PATRICK JAMES DUNAGAN, Galatea Resurrects

Norton] prefers the communal to the individual, a preference that provides shelter to work without the burden of attention. Without a doubt, this communal impulse shapes the interrogative quality of Norton’s writing . . . Norton’s skillful writing in her journals shows the complexity of the AIDS legacy, and more acutely, how layered Norton’s difficult memories are concerning her family. The ability to weave these layers as honestly as Norton does in The Public Gardens is rare. How often is one willing to look hard at one’s family and milieu, write about them, and then publish it? Certainly, there are acres of memoirs published every year that proclaim penetrating introspection, but few are as probing as Norton’s.

It’s startling how continually aware Norton is of her past, and impressive to see her determination to help shape a life that’s distinct to [her daughter], perhaps one less burdened by class anxiety and built-in Catholic guilt.
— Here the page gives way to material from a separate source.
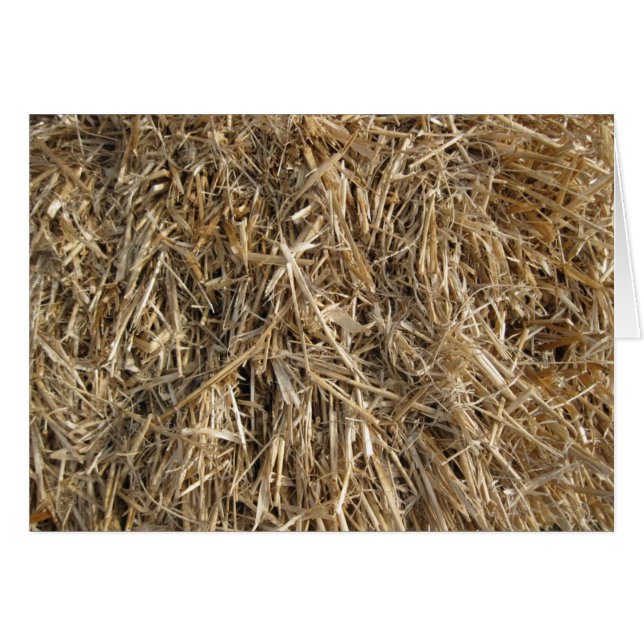 Heu! Heu! 2 (Vorderseite (Horizontal))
The care that Norton takes with each of her subjects in The Public Gardens — the feminine, art making, and family life to name a few — ought to have much influence on her audience . . . Her book is an achievement built on her years of quietly working in the background, which is to say this book is a testament to patience.

STAN MIR, Jacket2

Through its combination of genres and styles, [The Public Gardens]—just recently nominated as a finalist for the 2012 Los Angeles Times Book Prize—examines conceptions of history and its drawing board, time, in a way as analytic as it is human. Norton’s sources and starting points are indiscriminate: her own notes, diaries, and apostrophic laments; quotations and epigraphs from Hazlitt, Castellanos, Berryman, Silesius, and others; a waterlogged Bible found in the Lower Ninth Ward two years after Hurricane Katrina. Along the way, she documents her relationship with religion and spirituality, those metaphysical accounts themselves so dependent on the text of scripture for communication. But she keeps her eyes on the ground.

What she sees, we have all seen and passed by. But she has paused and noted it,' Fanny Howe writes in the book’s introduction, echoing Joan Didion’s comments on her own compulsion to take notes. And then later: “She hates what she loves.” Here we have both the raw data and the research materials, the hypotheses and the counterfactuals, the thoughts and the poems that follow, and the whole rainbow of emotions.

ANDREW DAVID KING, Kenyon Review blog

Norton’s rejoinder to suffering, shame, loss, and the drudge of economic necessity is to encounter the world with a keen interest that is by turns plaintive and robustly humorous. . . . Right inside [the] gap of transition and loss, Norton locates a site of empathy and mystery.